La mejora en la presencia de agua en el Parque Nacional de Las Tablas de Daimiel, ubicado en Ciudad Real, ha sido un factor determinante para el aumento significativo en la población de aves, especialmente de especies en peligro de extinción como la malvasía cabeciblanca, la cerceta pardilla y el porrón pardo. Según el último censo realizado en marzo, y que fue detallado en declaraciones por Carlos Ruiz de la Hermosa, el director del parque, los resultados han sido considerados muy positivos. A pesar de las inclemencias climáticas que generan inundaciones en el parque, Ruiz de la Hermosa subraya que estos datos son un censo de mínimos, implicando que la realidad podría ser aún más alentadora para la biodiversidad del humedal.

El censo, que se llevó a cabo entre el 16 y el 20 de marzo, ha puesto de manifiesto la notable recuperación del humedal, reflejando un impacto directo en la biodiversidad local. Entre las cifras más destacadas, se encuentra el aumento en la población del pato colorado, que ha conseguido llegar casi a los 2.000 ejemplares en comparación con los 1.200 del último censo de 2025. Además, las especies amenazadas, que son objeto de programas de conservación, han mostrado un crecimiento sobresaliente. Por ejemplo, se han contabilizado 140 individuos de porrón pardo, 164 de malvasía cabeciblanca y 40 de cerceta pardilla, lo que significa una recuperación notable para estas aves que se encuentran en situación crítica.
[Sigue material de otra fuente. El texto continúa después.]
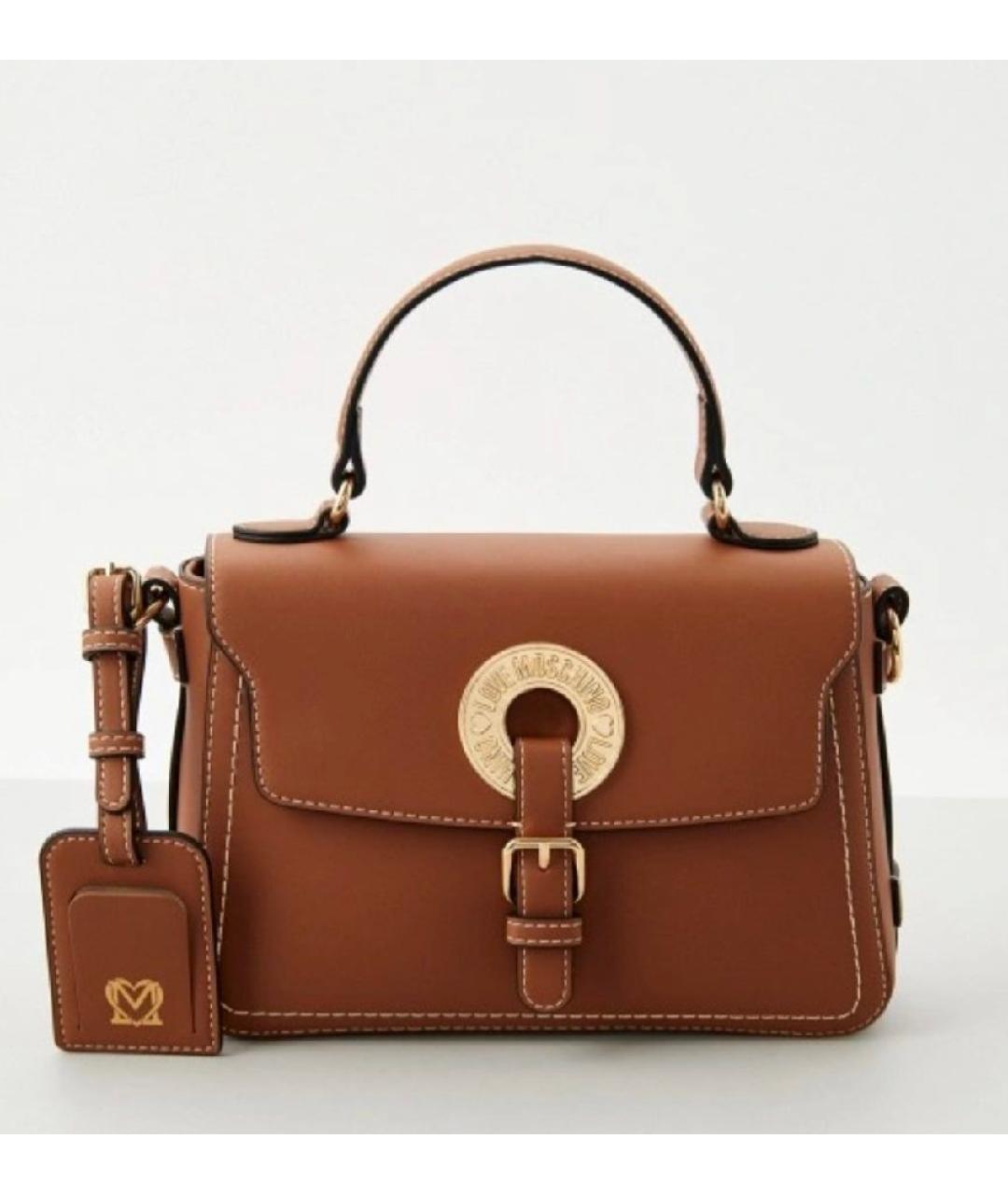 LOVE MOSCHINO Коричневая сумка с короткими ручками из искусственной кожи, фото 6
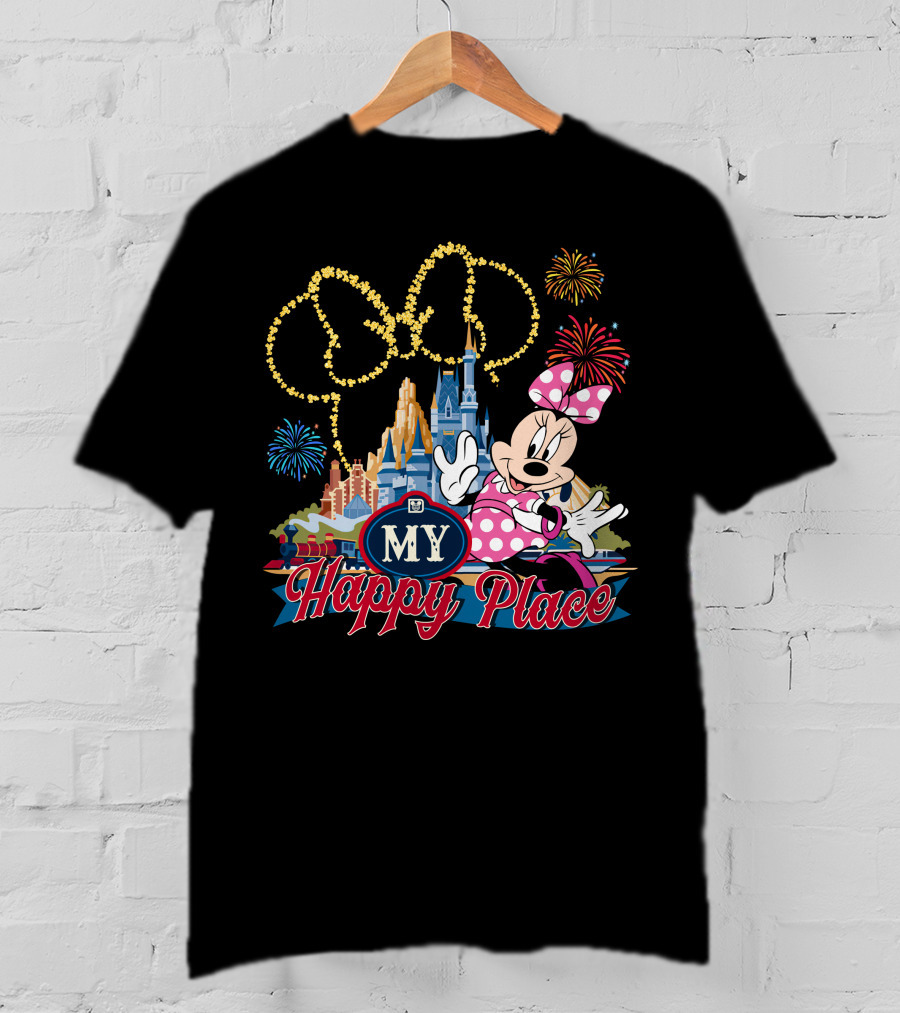 Minnie My Happy Place Fireworks Castle T-Shirt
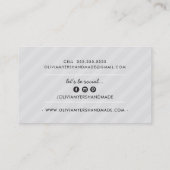 MINIMALISTISCHE HANDMADE Schwarz Visitenkarte (Rückseite)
La explosión en el número de anátidas es evidente en todos los registros, resaltando la existencia de 1.035 ejemplares de cuchara común y cerca de 750 cercetas comunes, así como más de 500 ánades azulones y frisos. Aunque algunas especies como el ánade rabudo han mostrado un leve descenso en sus cifras, la presencia de la cerceta carretona, aunque escasa, ha sido significativa con cuatro ejemplares censados. Esta abundancia de anátidas se traduce en un signo alentador para la salud del ecosistema, indicando un mejoramiento en las condiciones del hábitat acuático que favorece su reproducción y alimentación.
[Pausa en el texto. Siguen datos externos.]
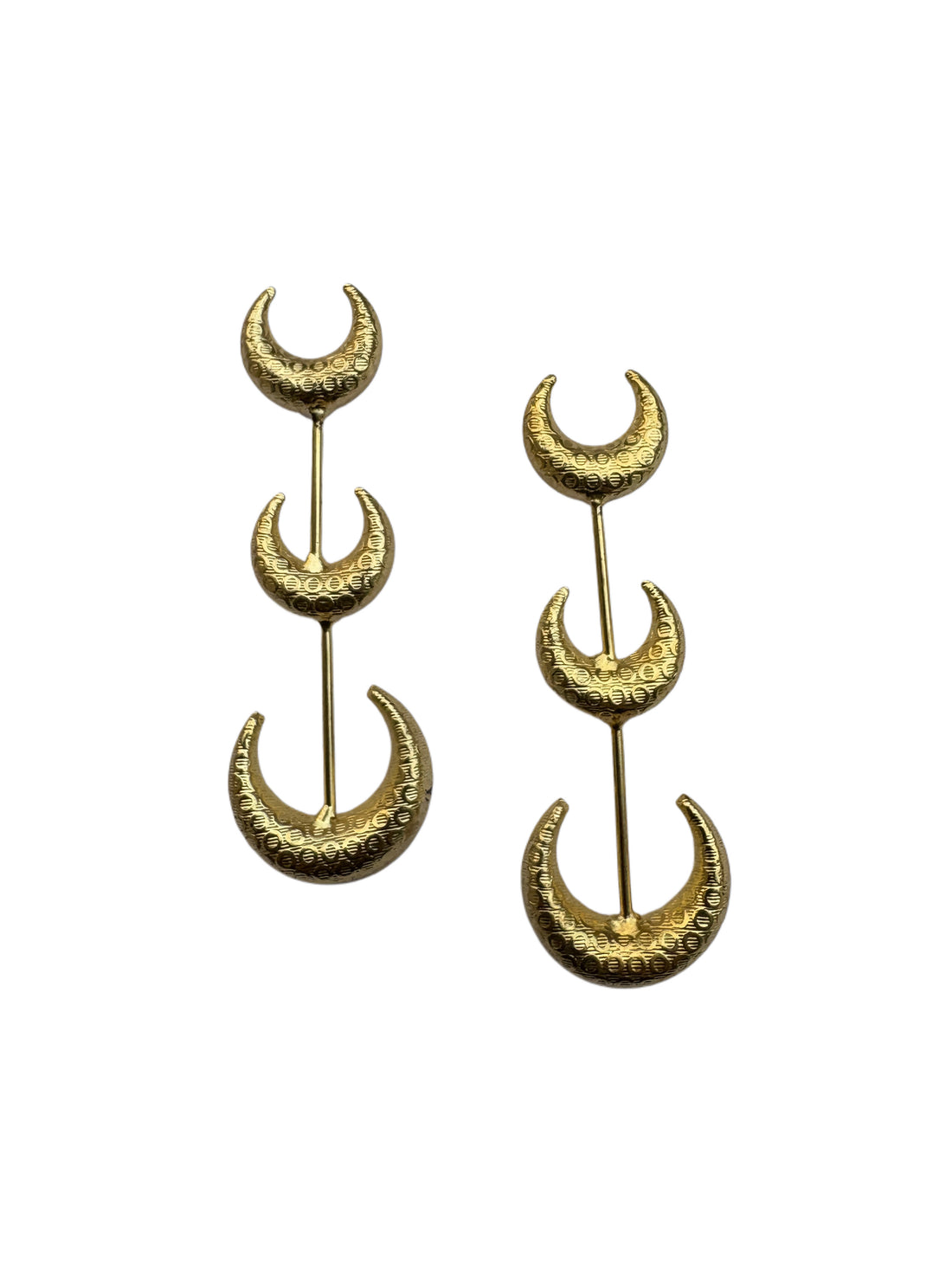 Adha Chand Triple Crescent Dangle Earrings
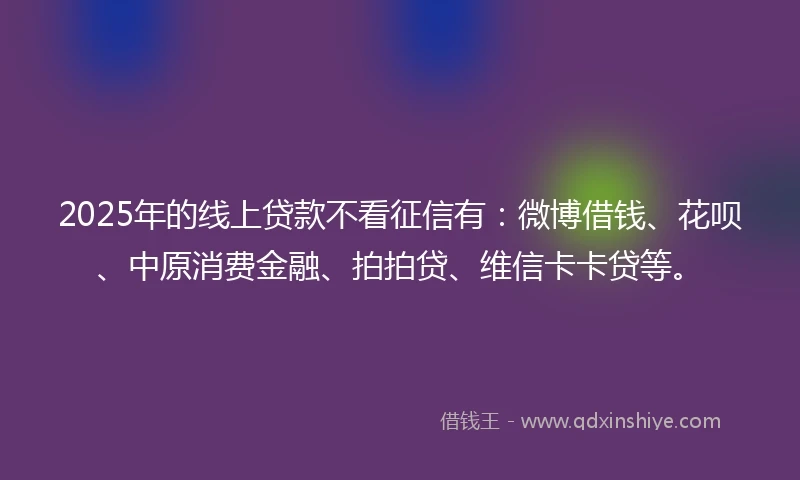 2025年的线上贷款不看征信有：微博借钱、花呗、中原消费金融、拍拍贷、维信卡卡贷等。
El censo también ha destacado la importancia del parque como refugio para diversas aves acuáticas. Las cifras del morito común han pasado de 25 a 223 ejemplares, lo que refleja su notable recuperación, mientras que la garceta común ha vuelto a ser observada en el parque tras su ausencia en el censo anterior. Sin embargo, algunas aves como la cigüeña blanca y la garza real han sufrido descensos en sus poblaciones, factores que Ruiz de la Hermosa atribuye a los movimientos estacionales más que a una amenaza persistente. El parque, por tanto, sigue siendo un santuario fundamental para la conservación de la fauna aviar.
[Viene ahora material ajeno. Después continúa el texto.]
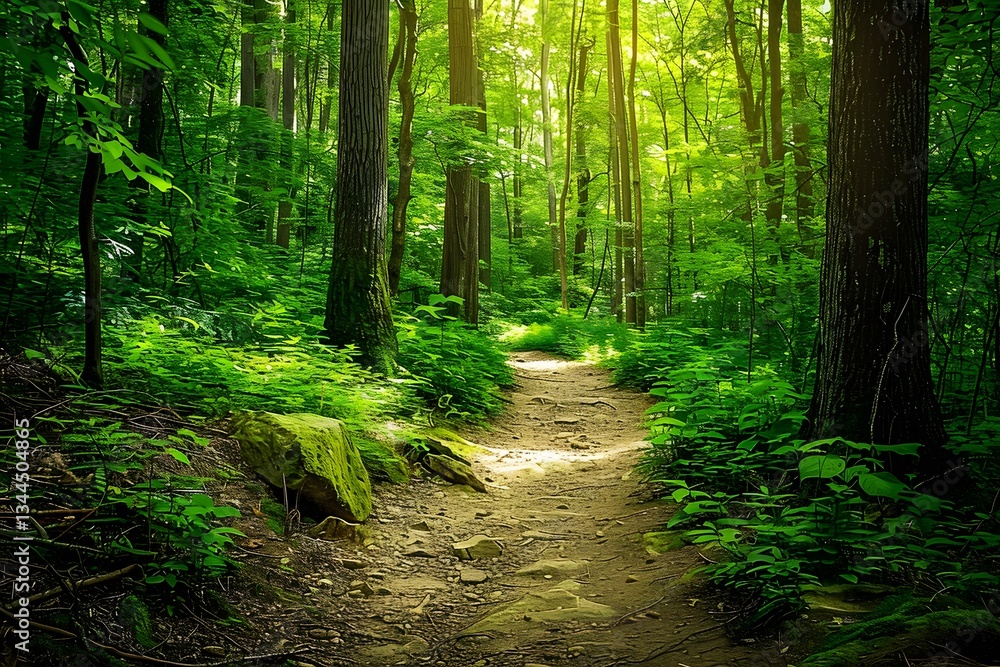 Obraz premium Path Through Lush Green Forest with Sunlight - Tranquil Nature Scene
Uno de los hallazgos más emocionantes ha sido la reaparición del bigotudo, una especie que había estado prácticamente ausente del parque en años recientes. La observación de siete bigotudos es un indicativo de la mejora del hábitat y de la efectividad de las medidas de conservación implementadas. Asimismo, el censo ha acompañado un paso migratorio destacado de rapaces como el milano negro, del que se contabilizaron cerca de 1.400 ejemplares, y la presencia de águilas pescadoras. La continuidad de la presencia del águila imperial ibérica ratifica el valor ecológico que posee este espacio natural, no solo para aves comunes, sino para aquellas que poseen un alto interés en la conservación.